This paper aims to investigate whether a powerful chief executive officer (CEO) impacts corporate risk taking in the distinctive institutional and market setting of China? Second, in case such relationship exists, the paper further aims to investigate whether the presence of large shareholders affects it, and finally, whether this effect of large shareholders varies in state-owned enterprises (SOEs) and non-state-owned enterprises (NSOEs).
The authors have used a sample of 1,502 Chinese firms listed on Shanghai and Shenzhen stock exchanges. Sample period is 2008-2013. Besides conventional fixed-effect regression, dynamic panel data estimation (generalized method of moments) is applied to address the potential endogeneity.

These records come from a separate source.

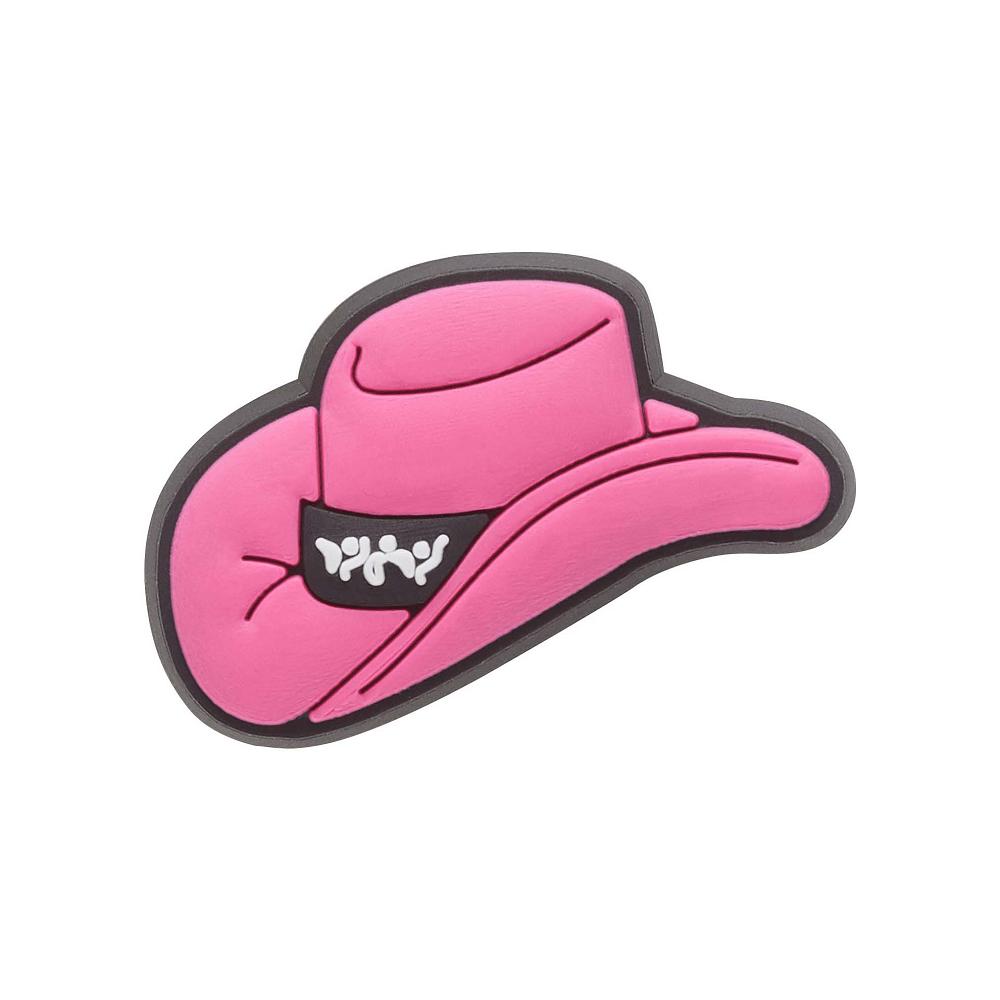 Crocs Cowboy Hat | LZOVRW470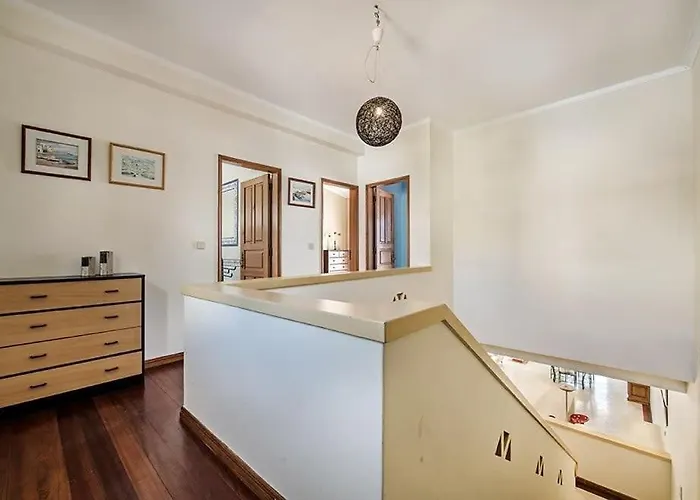 Almanda - Spacious Perfectly Located Between Marina And The Old Town *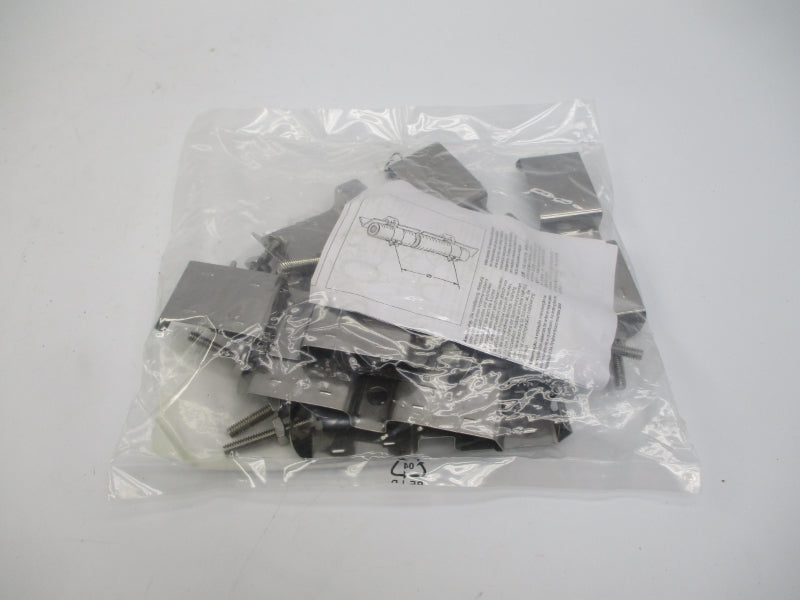 COMMSCOPE 42396A-1 1-1/4" NSMP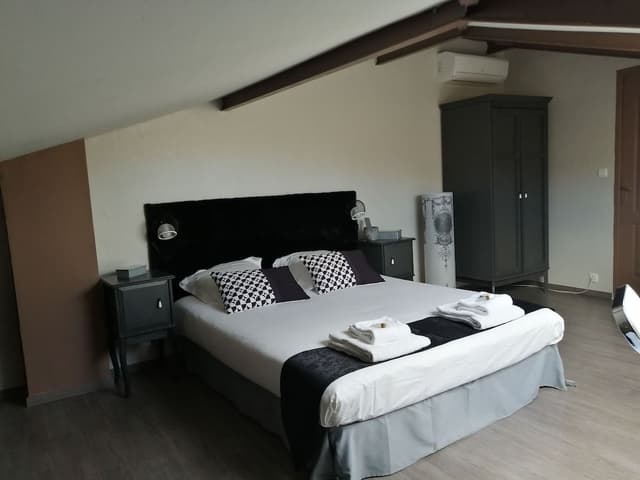 Panoramic Quadruple Room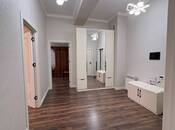 Сдаётся 2-комн. новостройка 85 м², м. 8 ноября, photo 8 from 8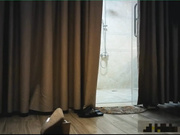 最新众筹人气网红赵小米现场拍摄视频原片1080P高清原版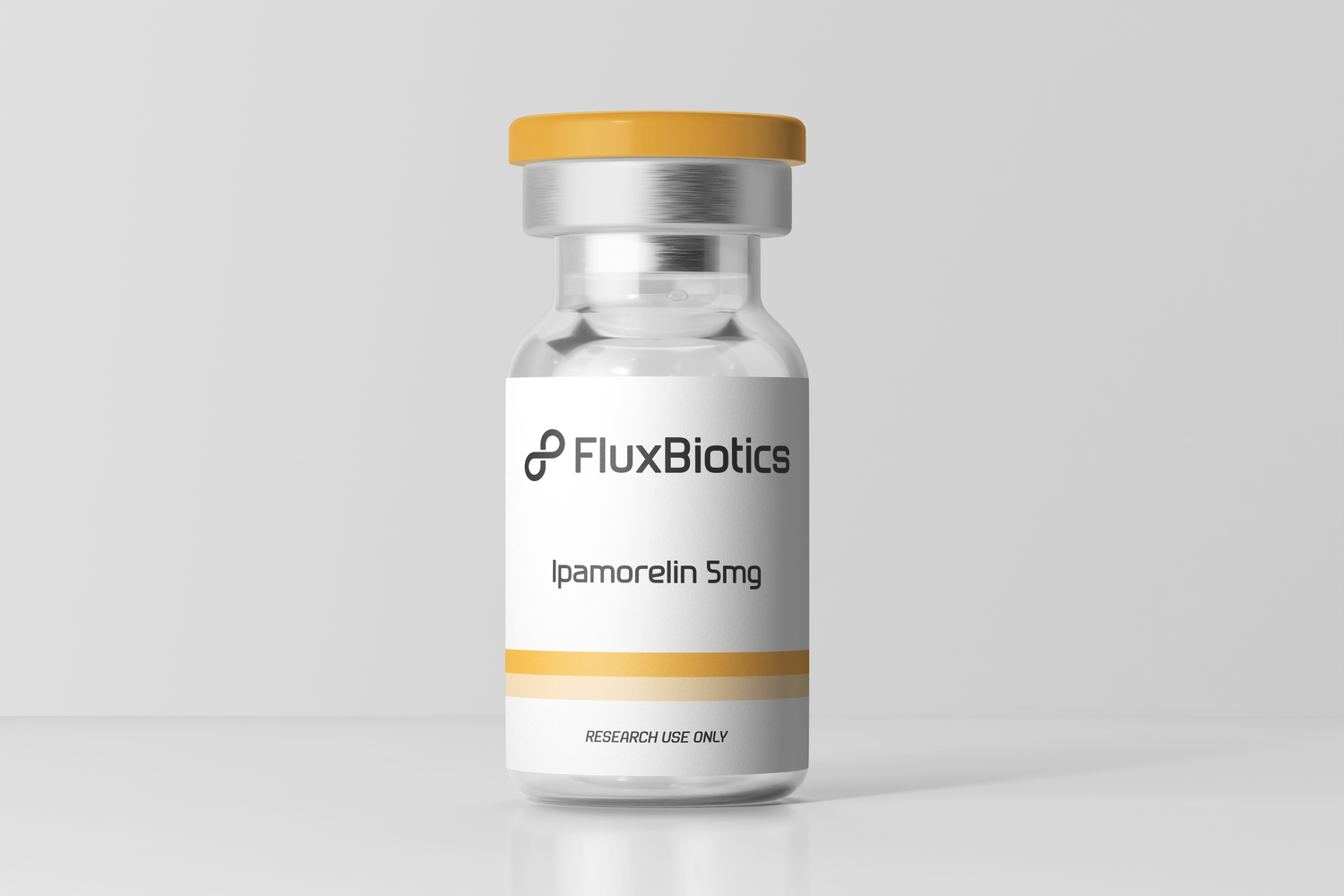 Ipamorelin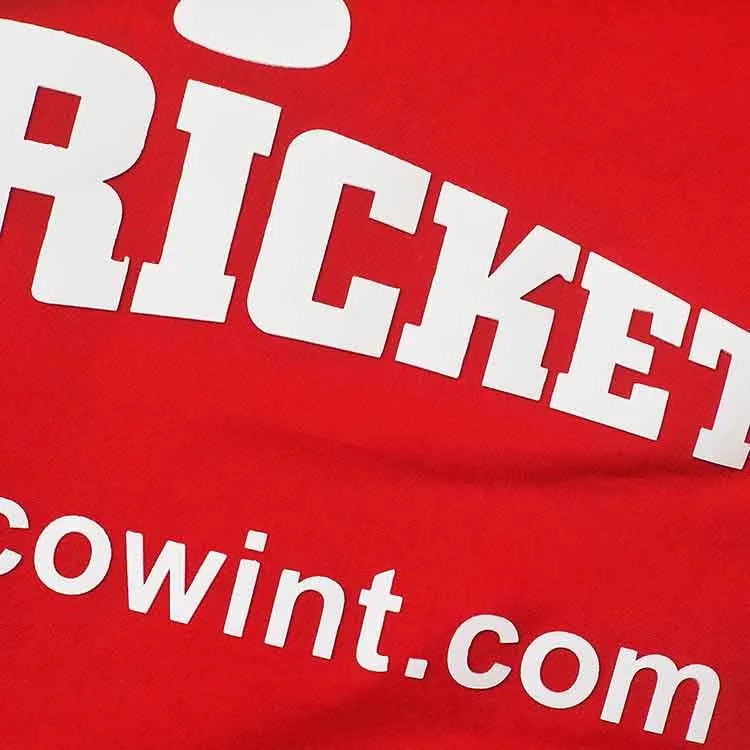 Stampar tad-Drapp 4D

The results show that CEO power is negatively related with corporate risk taking in two risk proxies, i.e. total risk and idiosyncratic risk. Second, the presence of large shareholders significantly affects this relationship, but does not change the primary negative relationship between CEO power and corporate risk taking. Finally, the results show that the relationship between CEO power and corporate risk taking is different in SOEs and NSOEs. The findings of this paper contend the organizational and behavioral theory viewpoint that individual decisions are more extreme.
This study provides useful implication for policymakers and suggests that while evaluating CEO’s performance, institutional and market settings should be considered.
This study provides new insights on the impact of CEO power on corporate risk taking under the two distinctive features in a developing country, i.e. presence of large shareholders and state-owned enterprises.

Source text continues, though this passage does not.